LCDs are, by far, the most commercially important flat panel technology because they are used  in notebook computers.  In 1998, around 11 million notebooks were sold.  Almost all (over 99 percent) of those notebooks had an LCD in it.

As their name suggests LCDs exhibit some properties of a liquid and some associated with a crystal. They flow like liquids and share much of a liquid’s dependence upon temperature, stress, electric fields, and chemical environment.
LCDs can be subdivided into the following types:

 

  • twisted nematic LCDs (TN-LCDs), one form of passive-matrix LCD
  • supertwisted nematic LCDs (STN-LCDs), another type of passive-matrix LCD
  • thin-film-transistor LCDs (TFT-LCDs), also referred to as active-matrix LCDs
  • active-addressed LCDs (AA-LCDs), a hybrid of passive- and active-matrix technologies

Advantages:

  • very low power consumption
  • low driving voltage (5-20 volts)
  • very thin display (approaching .5cm without the backlight)
  • lowest cost (TNs)
  • high contrast ratio (STNs)
  • full-color display capability
  • fast writing speed
  • readable in direct sunlight
  • available from many commercial sources

Disadvantages:

  • narrow viewing angle or cone (TNs and STNs)
  • limited contrast (TNs)
  • slow writing speed (STNs)
  • nearly defect-free panels difficult to manufacture (especially TFTs)
  • high capital equipment investment (especially TFTs)
  • low transmissivity of color filters requires strong backlight
  • costly polarizer set required
  • integrated circuits for controllers and drivers are expensive

 

 

Field Emission Displays(FEDs)

This technology is essentially a flat CRT with a thousand cathodes (emitters) per pixel eliminating thereby the long throw distance of the single scanning electron beam of the CRT. Most of the advantages of CRT image quality accrue, without the bulk or power inefficiency of the deflection system, and shadow mask.

Advantages:

  • Full (160 degree) viewing angles horizontally and vertically.
  • Full motion video without artifacts or contrast loss (20 microsecond response time).
  • -45C to +85C operating temperature.
  • Instant-on at any operating temperature.
  • High power efficiency.
  • Costs at or below AMLCD
  • Very high brightness possible.

Disadvantages:

  • New, not yet proven technology.
  • 20 to 85 volt drivers are larger, impacting miniaturization.
  • Life-times (10,000 hrs) below some competitive technologies
     
 

Light Emitting Diodes (LEDs)

Display applications are classified either as low information content (where a limited amount of information is being displayed, refresh rates are slow, and the nature of information being displayed is predictable), or as high information content (where the opposite conditions apply).
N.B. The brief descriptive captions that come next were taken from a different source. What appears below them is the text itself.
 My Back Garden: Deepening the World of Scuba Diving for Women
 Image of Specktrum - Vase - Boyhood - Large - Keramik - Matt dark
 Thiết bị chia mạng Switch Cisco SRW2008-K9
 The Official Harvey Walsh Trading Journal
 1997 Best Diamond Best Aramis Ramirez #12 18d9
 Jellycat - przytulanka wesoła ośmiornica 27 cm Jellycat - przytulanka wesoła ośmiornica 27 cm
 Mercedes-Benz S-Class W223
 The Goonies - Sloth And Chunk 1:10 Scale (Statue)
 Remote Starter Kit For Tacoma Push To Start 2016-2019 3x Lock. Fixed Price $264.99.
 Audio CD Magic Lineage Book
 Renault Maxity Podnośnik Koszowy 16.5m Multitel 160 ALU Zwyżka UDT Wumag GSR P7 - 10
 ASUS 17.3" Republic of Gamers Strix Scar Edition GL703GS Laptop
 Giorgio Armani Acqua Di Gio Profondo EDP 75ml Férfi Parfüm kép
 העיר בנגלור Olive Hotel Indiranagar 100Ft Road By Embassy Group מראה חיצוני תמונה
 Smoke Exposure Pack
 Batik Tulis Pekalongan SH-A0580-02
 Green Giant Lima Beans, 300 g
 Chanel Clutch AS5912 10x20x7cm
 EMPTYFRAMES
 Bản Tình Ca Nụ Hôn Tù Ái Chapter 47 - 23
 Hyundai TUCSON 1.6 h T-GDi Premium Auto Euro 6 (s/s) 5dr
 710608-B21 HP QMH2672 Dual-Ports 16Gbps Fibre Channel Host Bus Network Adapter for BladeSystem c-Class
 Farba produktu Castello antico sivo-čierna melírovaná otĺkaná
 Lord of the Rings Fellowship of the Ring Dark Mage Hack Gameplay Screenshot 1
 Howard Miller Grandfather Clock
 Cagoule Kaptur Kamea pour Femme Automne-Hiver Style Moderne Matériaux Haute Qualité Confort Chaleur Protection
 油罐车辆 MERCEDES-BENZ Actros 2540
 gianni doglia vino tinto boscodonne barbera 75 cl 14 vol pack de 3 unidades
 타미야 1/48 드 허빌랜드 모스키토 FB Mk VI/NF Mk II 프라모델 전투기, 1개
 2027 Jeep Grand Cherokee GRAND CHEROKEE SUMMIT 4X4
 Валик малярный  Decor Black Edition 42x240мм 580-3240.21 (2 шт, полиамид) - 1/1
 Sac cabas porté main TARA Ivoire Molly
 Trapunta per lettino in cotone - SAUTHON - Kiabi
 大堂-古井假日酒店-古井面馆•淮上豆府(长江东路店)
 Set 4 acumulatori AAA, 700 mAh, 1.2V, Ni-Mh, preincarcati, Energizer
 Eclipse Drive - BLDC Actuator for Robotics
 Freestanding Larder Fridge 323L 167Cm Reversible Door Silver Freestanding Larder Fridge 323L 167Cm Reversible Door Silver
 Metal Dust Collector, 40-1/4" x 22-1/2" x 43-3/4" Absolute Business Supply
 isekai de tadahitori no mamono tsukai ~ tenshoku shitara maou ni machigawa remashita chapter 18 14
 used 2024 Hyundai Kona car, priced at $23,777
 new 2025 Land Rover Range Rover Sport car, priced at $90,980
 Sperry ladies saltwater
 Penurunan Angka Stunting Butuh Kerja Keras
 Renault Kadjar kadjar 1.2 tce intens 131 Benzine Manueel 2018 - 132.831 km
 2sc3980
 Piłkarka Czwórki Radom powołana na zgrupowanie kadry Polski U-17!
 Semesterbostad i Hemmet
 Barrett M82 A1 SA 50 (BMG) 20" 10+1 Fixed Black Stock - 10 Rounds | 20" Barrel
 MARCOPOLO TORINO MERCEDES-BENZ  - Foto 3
Broadly speaking LEDs, ELs, and VFDs are best suited to the former, while plasma and all types of LCDs are appropriate for the latter.

 
 

Plasma Display Panels (PDPs)

This Flat Panel Display (FPD) technology is based on the glow discharge that occurs when ionized gas undergoes recombination. Electrons are removed from atoms to produce ions, later recombining with the ions to release energy in the form of light.

Advantages:

  • established technology
  • proven to be rugged and reliable
  • multiple commercial sources
  • simplified driving circuit
  • simple construction lends itself to low-cost, high-volume production
  • color is feasible
  • long lifetime

Disadvantages:

  • high voltage driver requirements (150-200 volts)
  • washout in bright sunlight
  • limited gray-scale ability

 

Electroluminescent Displays (ELs)

This technology is very similar to that of LEDs. However, ELs are doped (as a semiconductor) with specific impurities to provide energy states that lie slightly below those of the mobile electrons and those slightly above states inhabited by electrons bound to atoms. Impurity states are used to provide initial and final states in light emitting transitions.

Advantages:

  • very thin and compact
  • high writing speed (video rates)
  • good readability and brightness
  • some gray-scale ability
  • low-voltage operation
  • no catastrophic failure

Disadvantages:

  • high-voltage drivers (170-200 volts)
  • high cost due to difficulty of manufacture in volume
  • high power consumption (low efficiency)
  • washout in bright ambient light
  • color progressing at a slow rate

 

Vacuum Fluorescent Displays (VFDs)

A form of cathodoluminescent display that can operate at low voltages, since very thin layers of highly efficient phosphors are coated directly onto each transparent anode. These displays are limited to a matrix of widely-spaced phosphor dots, and are designed for use in low-information-content applications.

Advantages:

  • lower voltage than other emissive displays
  • low cost for low-information-content displays
  • multiplex able to large displays
  • viewable in sunlight

Disadvantages:

  • high cost for large screen sizes
  • high cost for high-information-content displays
  • full color not yet available in sizes suitable for consumer home TV or computer monitors

 

Organic Light Emitting Diodes (OLEDs)

Relatively more recent in origin that the other flat panel display technologies, OLEDs use organic compounds as sources of light emissions.  They are quite similar in construction to inorganic EL displays in that they are thick films and are less expensive to construct than LCDs.  It is currently thought that OLEDs will not only be cheaper to make than TFT-LCDs, but that they will make possible the depositing of high-quality displays on plastic and/or flexible substrates.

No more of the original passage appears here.